When entering a user namespace you drop privileges.
The best way I can explain it is to describe an April Fool's day joke that you can play on your friendly local sysadmin.
Create a binary and call it something like $HOME/bin/su. Have that binary
call unshare(CLONE_NEWUSER) and write to /proc/[pid]/uid_map and /proc/[pid]/gid_map so that 0 in the current user namespace maps to the current uid and gid. Have this binary exec $SHELL. No privileges required.
Report that su is working without requiring root privileges in your account.
You can look around in /proc/self/status and see that your uid and gid are 0 and that you have all privs.
Extra points if you can get your local sysadmin to start trying to do things and from your $HOME/bin/su, because things really won't work and if you don't realize what is going on you are likely to be quite frustrated.
Services won't restart. You can't kill processes owned by other users etc.
Having a pam module set it up so that the user that looks like root has a distinct uid from everyone else is trickier to setup but could be more entertaining.
So while you have CAP_NET_BIND and can bind to any port in any network namespace you create, creating a network namespace won't do you much good because that network namespace is not connected to any other network namespace.

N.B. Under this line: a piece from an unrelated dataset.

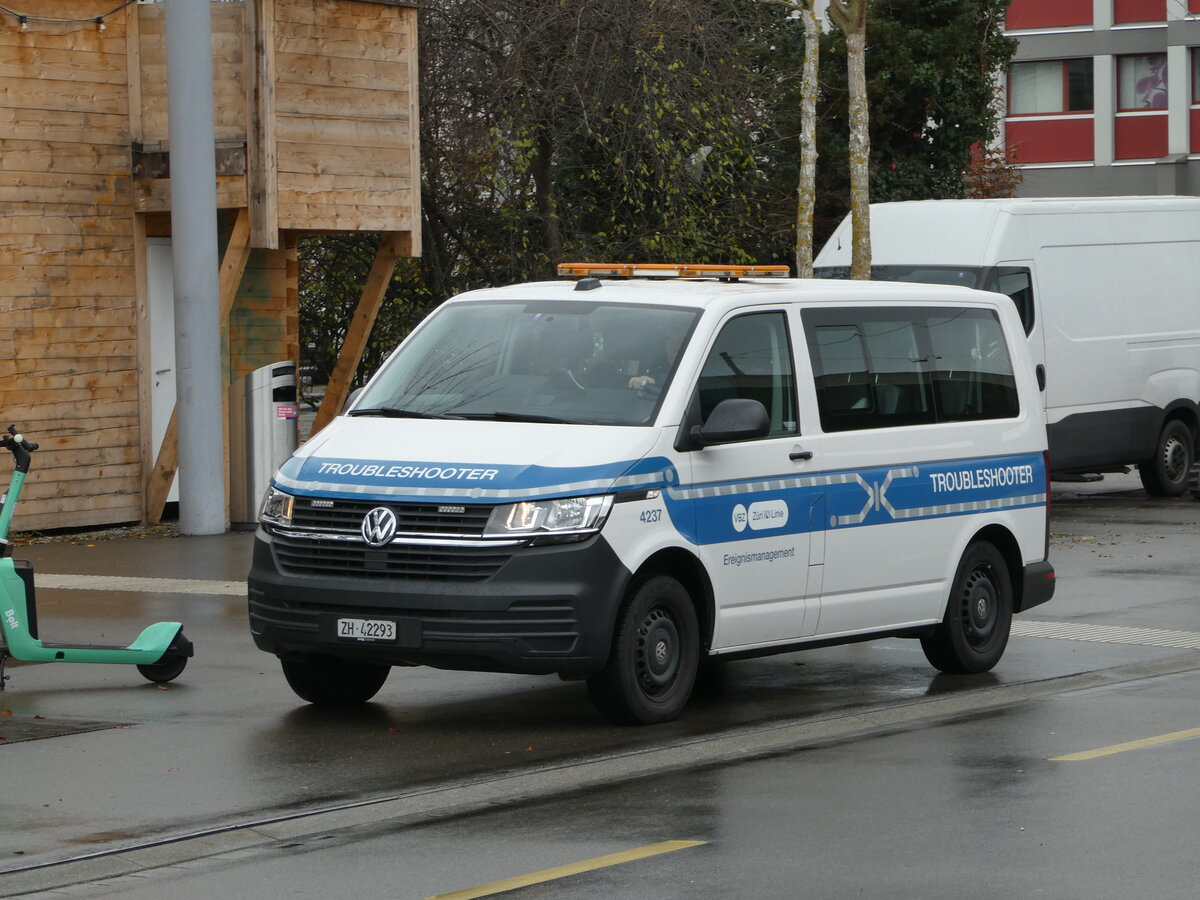 (243'506) - VBZ Z�rich - Nr. 4237/ZH 42'293 - VW am 7. Dezember 2022 beim Bahnhof Z�rich Oerlikon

Posted Jan 4, 2013 2:00 UTC (Fri) by kevinm (guest, #69913)
[Link]
Thanks Eric.
So from this it sounds like all the other types of namespaces (net, pid, mount...) are "owned" by a user namespace (the one in which they were created). When a permission check is done, it is done using the user namespace that owns that namespace that the relevant resource is in - for example, when I try to bind a privileged port, the permission check is done using the user namespace that owns the current network namespace (not the user namespace of the current process, which might well be different). Does that sound like the right concept?